Как отмечает этот историк, «особенно актуальной оказалась идея братства, жизненно необходимая для самого существования корпорации. Она сохранялась и в первой половине XVII в., когда об Ордене уже и не вспоминали. Даже подняв бунт и изгнав назначенных командиров, наёмники не теряли единства, сохраняя прежние организационные формы»[37]. Кроме того, очень популярной стала идея рыцарственности. Ведь простолюдины таким образом приравнивались к благородным. Это способствовало созданию статуса профессионального военного.
А вот со швейцарцами у этих благородных наёмников была какая-то кровавая бесконечная вендетта. Начиналась она, вероятно, с того, что швейцарцы изначально были в более привилегированном положении, получая более высокое жалованье и долю добычи. «Однако настоящую ненависть воины кантонов вызвали у немецких военных, нанеся им чудовищное поражение при Харде на Боденском озере, в ходе Швейцарской войны, зимой 1499 года. После того, как боевые порядки ландскнехтов трижды атаковались швейцарцами, дравшимися с яростью берсерков, что вообще было им свойственно, началось повальное бегство. Победители не щадили никого, закалывая или загоняя бегущих в ледяную воду озера. Этот чёрный, позорный и страшный день ещё десятилетия оставался в сознании ландскнехтов, копивших ненависть и жажду реванша, как “брегенцская могила” (“Bregenzer Grab”)» [38].
Поэтому сложилась практика, что нанять обычно можно было только кого-то из них — или швейцарцев, или ландскнехтов. В одной армии солдаты этих двух военных корпораций одновременно служить, как правило, не могли. При этом они вели себя по отношению друг к другу настолько безжалостно, что за этими боестолкновениями закрепилось название «плохая война». На контрасте с «хорошей войной», где был возможен почетный плен и возвращение домой после выкупа.
Ландскнехты показали себя в Итальянских войнах XVI века. В битве при Павии в 1525 году они разгромили швейцарцев, а через два года взяли Рим. И разграбили его, потому что им не платили жалованье. При этом, защищая папу Римского от ландскнехтов, погибли 147 швейцарских гвардейцев.

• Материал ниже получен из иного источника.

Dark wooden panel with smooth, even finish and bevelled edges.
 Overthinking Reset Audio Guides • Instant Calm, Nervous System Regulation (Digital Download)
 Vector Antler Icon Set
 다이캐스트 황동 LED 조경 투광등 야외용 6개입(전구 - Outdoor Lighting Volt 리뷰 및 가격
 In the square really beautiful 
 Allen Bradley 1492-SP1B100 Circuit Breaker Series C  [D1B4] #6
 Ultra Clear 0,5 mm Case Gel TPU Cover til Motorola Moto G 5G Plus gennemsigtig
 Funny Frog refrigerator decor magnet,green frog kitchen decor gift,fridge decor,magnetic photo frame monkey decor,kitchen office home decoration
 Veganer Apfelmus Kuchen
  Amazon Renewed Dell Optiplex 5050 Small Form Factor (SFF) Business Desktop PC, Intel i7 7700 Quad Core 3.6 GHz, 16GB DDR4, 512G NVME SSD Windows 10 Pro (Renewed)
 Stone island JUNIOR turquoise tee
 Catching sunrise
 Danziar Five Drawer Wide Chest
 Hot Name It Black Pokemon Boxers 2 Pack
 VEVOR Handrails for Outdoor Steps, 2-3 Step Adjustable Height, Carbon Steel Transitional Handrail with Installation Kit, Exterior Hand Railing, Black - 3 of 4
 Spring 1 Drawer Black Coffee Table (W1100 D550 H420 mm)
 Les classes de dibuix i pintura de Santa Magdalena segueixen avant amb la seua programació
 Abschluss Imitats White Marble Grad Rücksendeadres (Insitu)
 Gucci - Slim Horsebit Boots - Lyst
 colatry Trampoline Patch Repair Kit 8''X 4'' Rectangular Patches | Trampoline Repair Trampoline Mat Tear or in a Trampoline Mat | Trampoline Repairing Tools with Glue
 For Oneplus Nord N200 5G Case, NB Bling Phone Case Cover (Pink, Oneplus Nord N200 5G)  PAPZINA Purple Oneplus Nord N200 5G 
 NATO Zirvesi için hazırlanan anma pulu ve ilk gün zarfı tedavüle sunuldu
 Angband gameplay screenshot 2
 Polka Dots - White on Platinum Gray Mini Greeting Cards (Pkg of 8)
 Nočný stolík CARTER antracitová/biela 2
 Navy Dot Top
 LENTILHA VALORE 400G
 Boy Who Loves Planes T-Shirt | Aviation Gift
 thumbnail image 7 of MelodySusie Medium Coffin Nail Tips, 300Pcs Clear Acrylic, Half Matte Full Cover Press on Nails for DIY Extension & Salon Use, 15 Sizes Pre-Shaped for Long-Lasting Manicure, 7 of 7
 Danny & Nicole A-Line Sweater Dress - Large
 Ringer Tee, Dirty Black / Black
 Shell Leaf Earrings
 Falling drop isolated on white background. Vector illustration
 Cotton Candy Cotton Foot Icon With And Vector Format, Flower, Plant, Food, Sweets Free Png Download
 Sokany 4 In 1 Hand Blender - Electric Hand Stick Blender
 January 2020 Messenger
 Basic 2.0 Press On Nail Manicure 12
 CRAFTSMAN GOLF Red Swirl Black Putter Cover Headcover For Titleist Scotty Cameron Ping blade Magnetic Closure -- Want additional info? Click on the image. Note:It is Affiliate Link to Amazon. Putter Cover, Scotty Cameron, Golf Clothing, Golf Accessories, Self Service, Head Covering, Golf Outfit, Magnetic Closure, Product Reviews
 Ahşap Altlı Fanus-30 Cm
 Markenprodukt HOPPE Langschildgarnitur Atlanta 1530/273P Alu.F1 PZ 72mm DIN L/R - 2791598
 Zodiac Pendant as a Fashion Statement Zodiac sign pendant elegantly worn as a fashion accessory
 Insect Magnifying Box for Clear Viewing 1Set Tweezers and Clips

Формально ландскнехты сошли с исторической сцены в XVII веке, а вот среди швейцарцев наёмная служба оставалась популярной и в следующем, XVIII столетии. И большинство из них служили в армии Франции. Самый известный эпизод произошел в Париже в 1792 году. Тогда швейцарские гвардейцы защищали дворец Тюильри от революционных войск. Король покинул дворец, с ним ушла и часть верных ему французских солдат, но, хотя смысла в сопротивлении не было, швейцарцы отказались сложить оружие.
3.2. Валленштейн
На роль центрального военного события Европы XVII века претендует Тридцатилетняя война (1618–1648), в которой приняли участие практически все европейские страны. Коалиции сменяли одна другую, чаши весов фортуны раскачивались словно качели… И главным полем боя стала Германия, чья территория была сильно разорена, а население заметно уменьшилось. По имеющимся оценкам, там от войны, а также сопутствующих голода и эпидемий погибло в целом до 40 % жителей, причем были регионы, где убыль населения составила до 70 %.
Альбрехт Валленштейн. Автор — Anthony van Dyck, 1629 год
Одной из ключевых фигур этой войны стал Альбрехт Валленштейн. Конечно, можно сказать, что шведский король Густав II Адольф внес не меньший вклад в историю, был прекрасным политиком и полководцем. Но Валленштейн явно более популярен — одна известная немецкая группа посвятила ему свою композицию, а вот шведских песен и клипов про Густава Адольфа, которые бы слушала вся страна, я не припомню. Валленштейну посвящено много книг, так и не переведенных на русский язык. И, как это нередко случается, такую историческую фигуру не могут «поделить» — своим национальным героем его считают не только Германия и Австрия, но и Чехия. Культ Валленштейна был и в Третьем Рейхе — одна из дивизий СС была названа его именем.
Как отмечал историк Юрий Евгеньевич Ивонин, «в создание образа Валленштейна во многом внесли путаницу его современники. Их часто субъективные и поспешные выводы способствовали его искажению и возникновению легенд о Валленштейне то как о немецком или чешском патриоте, то, напротив, как об изменнике или как о необыкновенном честолюбце, ненасытном и алчном кондотьере, стремившемся стать ни больше ни меньше как “вторым” Ришелье, но в рамках Священной Римской империи, или даже обладать императорской короной» [39].